■ **Task statement**
Start with the line that holds "Multistory building with". Please copy it and each remaining line below exactly, leaving pictures out.

■ **Provided entries**
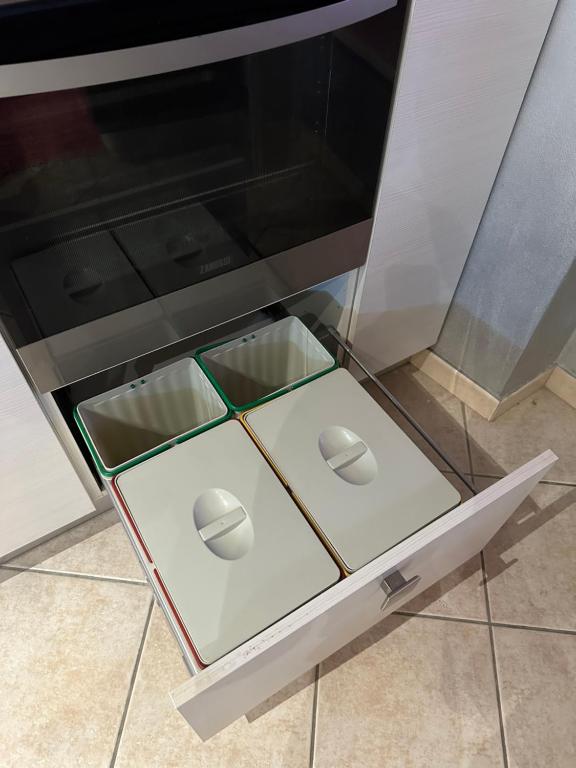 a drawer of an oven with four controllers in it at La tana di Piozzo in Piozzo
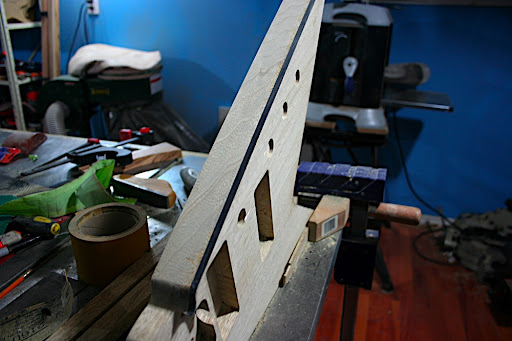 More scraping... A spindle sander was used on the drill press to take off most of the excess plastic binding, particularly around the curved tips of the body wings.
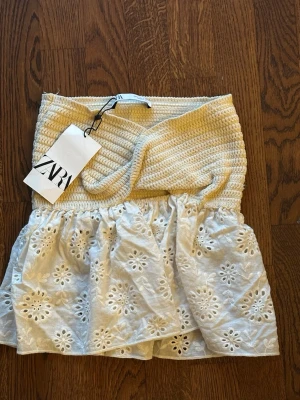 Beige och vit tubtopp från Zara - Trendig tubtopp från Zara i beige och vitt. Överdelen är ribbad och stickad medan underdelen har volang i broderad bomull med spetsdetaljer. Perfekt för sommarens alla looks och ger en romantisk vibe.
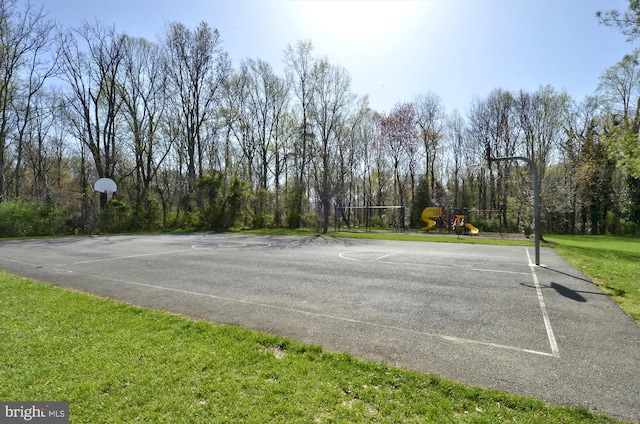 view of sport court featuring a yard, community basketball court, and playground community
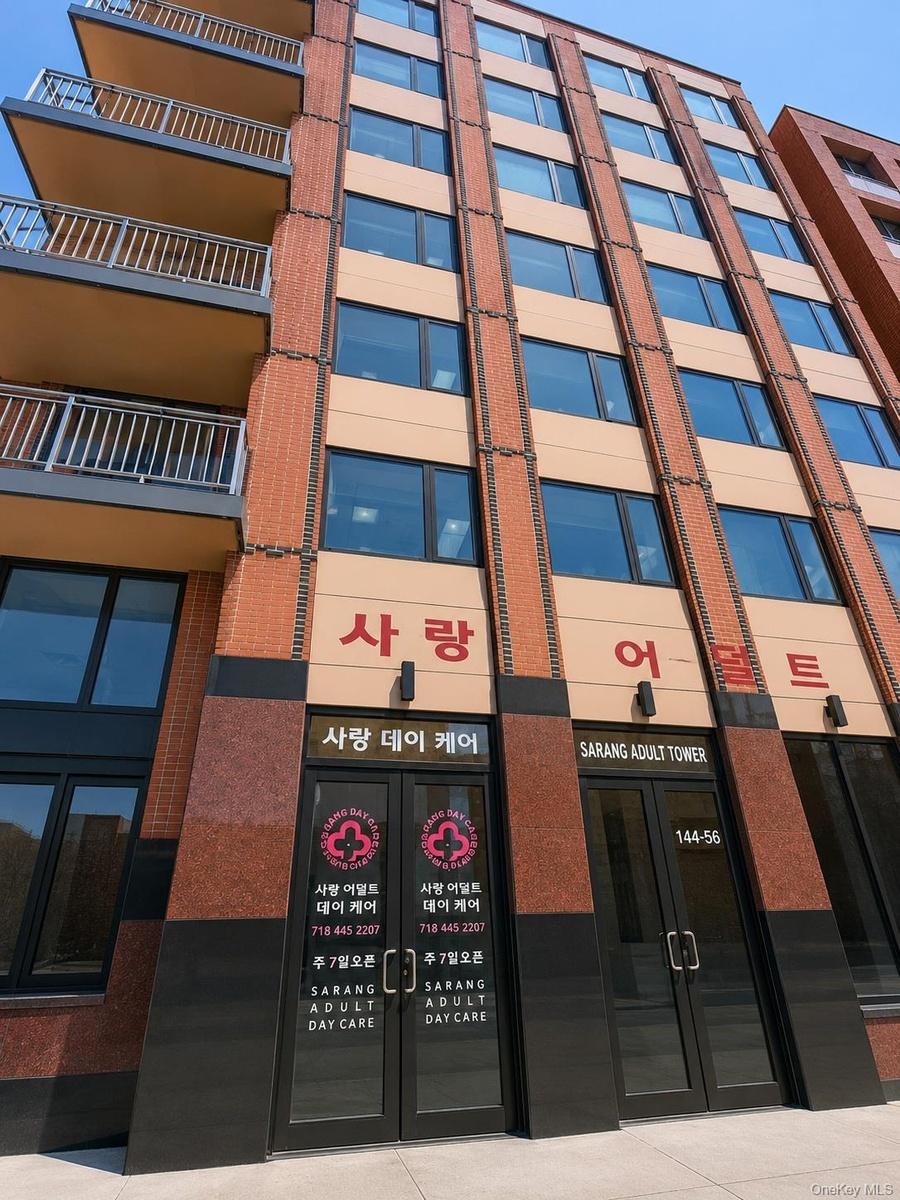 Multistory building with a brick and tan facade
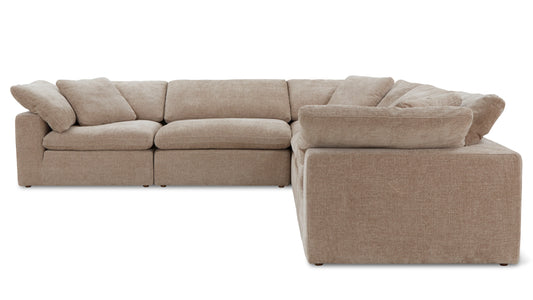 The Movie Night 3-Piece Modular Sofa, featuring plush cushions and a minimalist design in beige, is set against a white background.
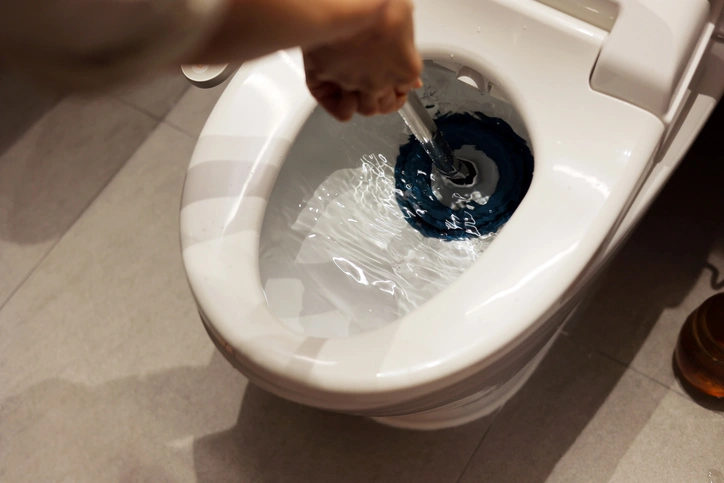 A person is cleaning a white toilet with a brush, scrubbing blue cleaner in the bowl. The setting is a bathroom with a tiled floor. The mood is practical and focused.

■ **Output below**
 Multistory building with a brick and tan facade
 The Movie Night 3-Piece Modular Sofa, featuring plush cushions and a minimalist design in beige, is set against a white background.
 A person is cleaning a white toilet with a brush, scrubbing blue cleaner in the bowl. The setting is a bathroom with a tiled floor. The mood is practical and focused.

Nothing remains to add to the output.